**Exercise:**
Look below for the line with "有幸在亲戚家吃过一回的肉末藕丁，被惊艳到了！！" and the line with "Llavero personalizado de". Copy exactly those two lines and every line between, but not the pictures.

**Given records:**

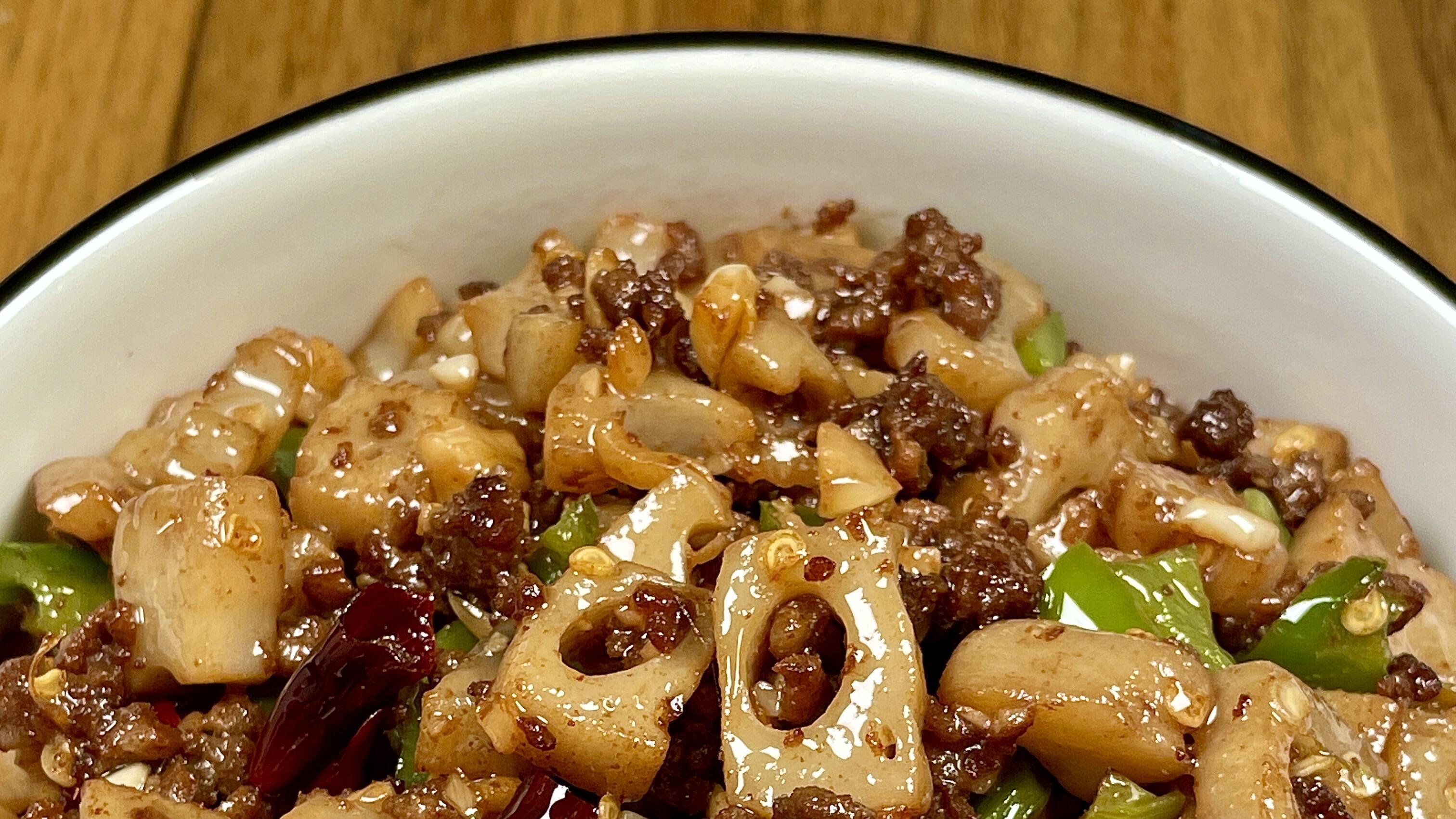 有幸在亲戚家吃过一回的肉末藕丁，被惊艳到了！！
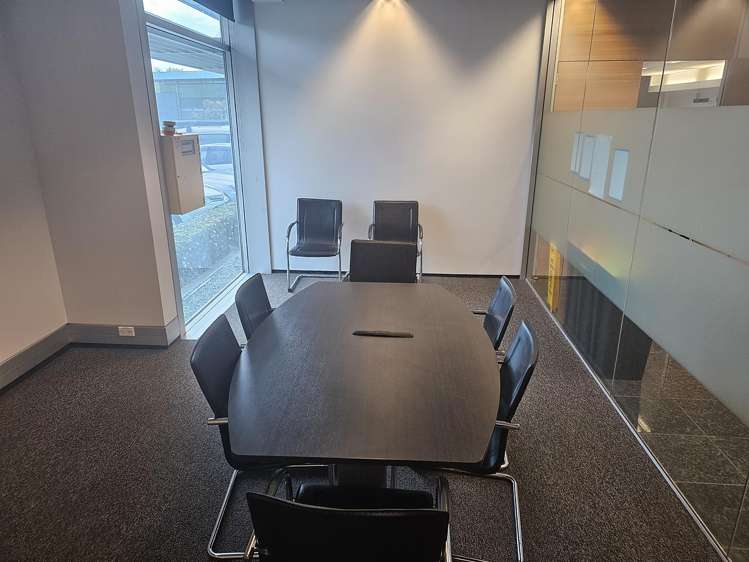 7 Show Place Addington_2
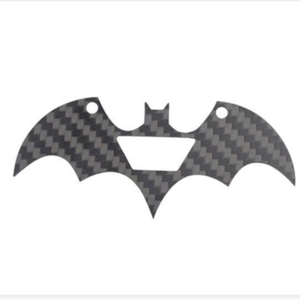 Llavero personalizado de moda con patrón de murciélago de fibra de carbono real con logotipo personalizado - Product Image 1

...

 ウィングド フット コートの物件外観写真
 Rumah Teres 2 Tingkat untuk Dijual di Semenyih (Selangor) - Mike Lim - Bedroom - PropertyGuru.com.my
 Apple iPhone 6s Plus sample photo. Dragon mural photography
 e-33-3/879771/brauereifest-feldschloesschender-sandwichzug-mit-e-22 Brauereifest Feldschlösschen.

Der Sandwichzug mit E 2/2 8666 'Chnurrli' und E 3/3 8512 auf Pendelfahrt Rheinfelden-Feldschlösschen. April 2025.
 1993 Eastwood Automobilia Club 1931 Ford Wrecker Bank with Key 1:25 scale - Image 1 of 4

==

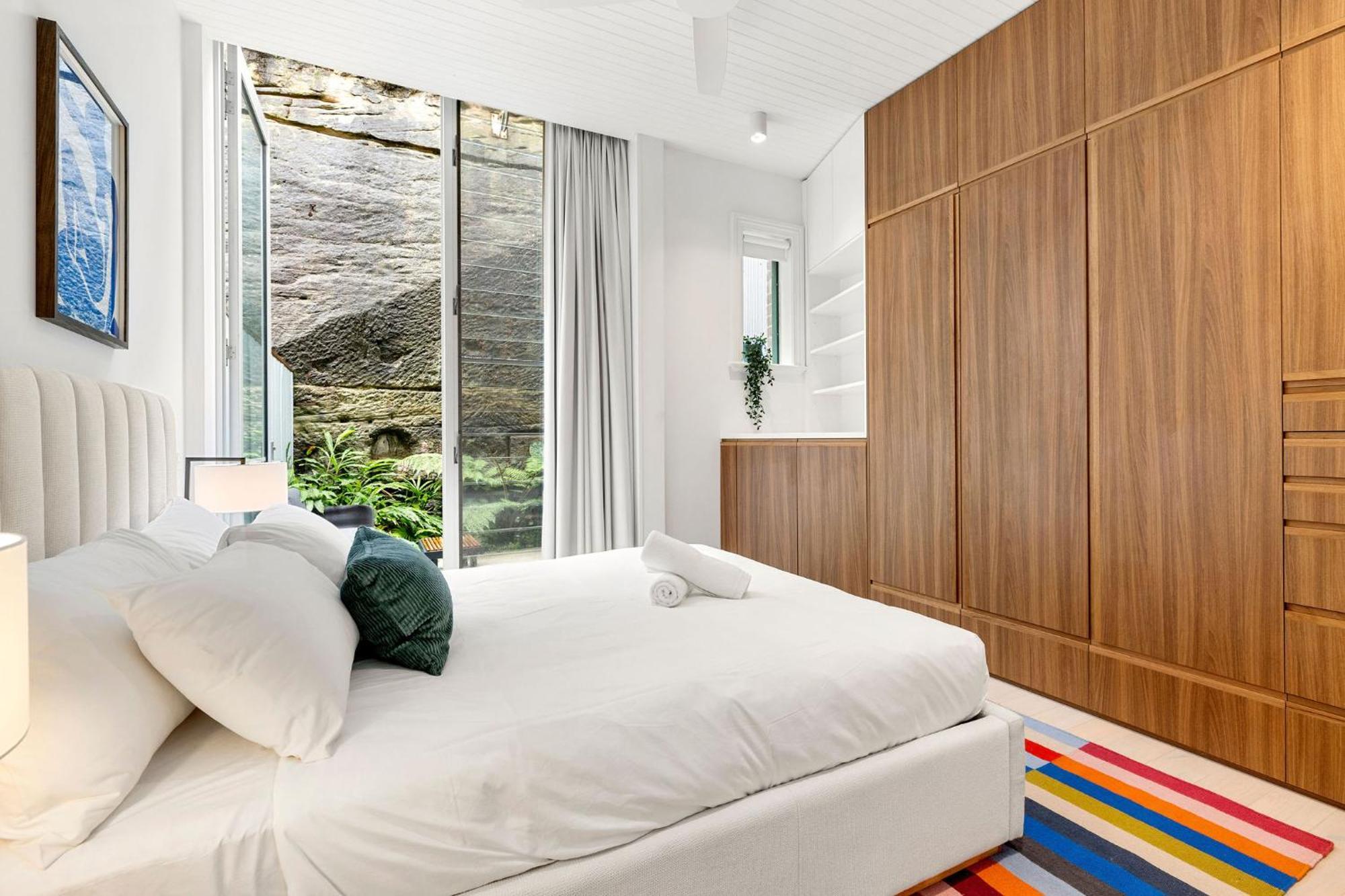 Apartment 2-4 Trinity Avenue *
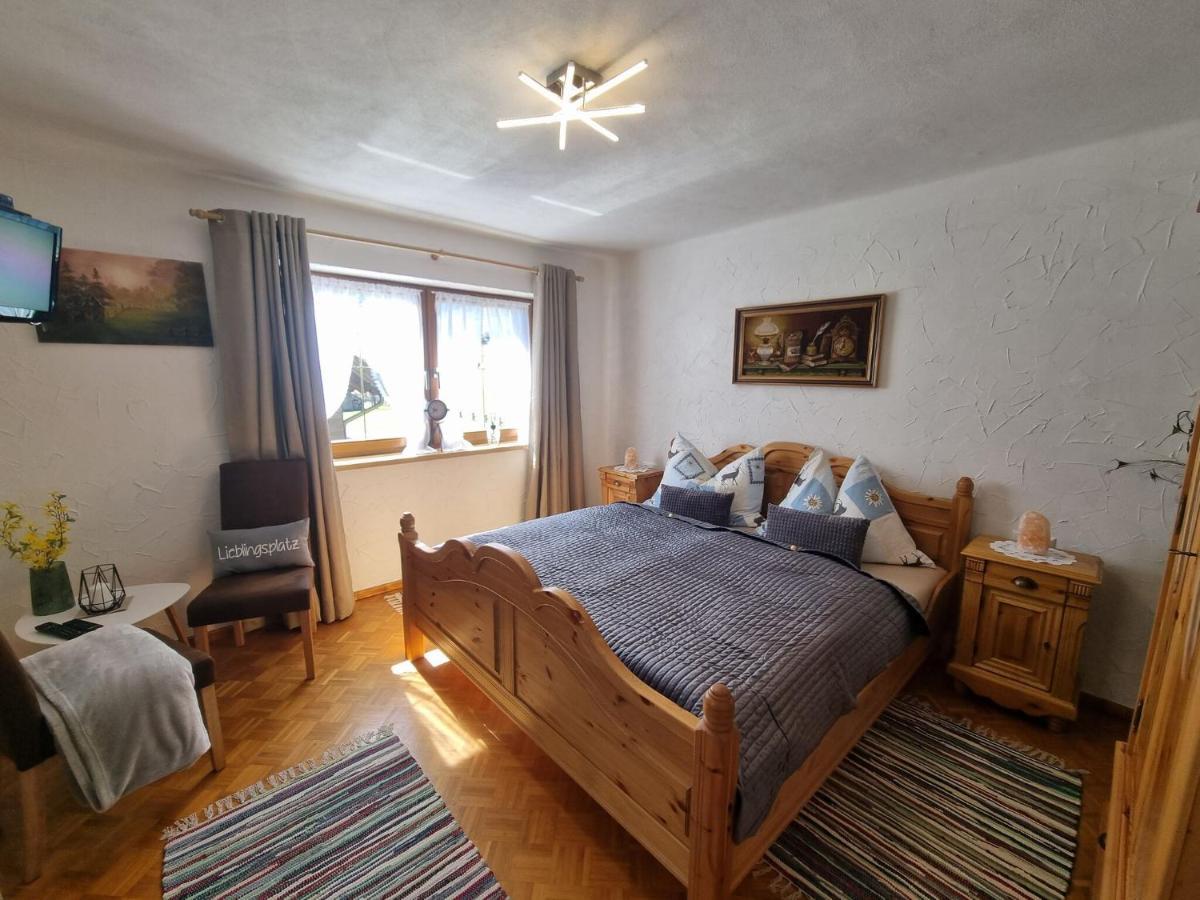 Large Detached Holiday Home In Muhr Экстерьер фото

**Solution for this problem:**
 有幸在亲戚家吃过一回的肉末藕丁，被惊艳到了！！
 7 Show Place Addington_2
 Llavero personalizado de moda con patrón de murciélago de fibra de carbono real con logotipo personalizado - Product Image 1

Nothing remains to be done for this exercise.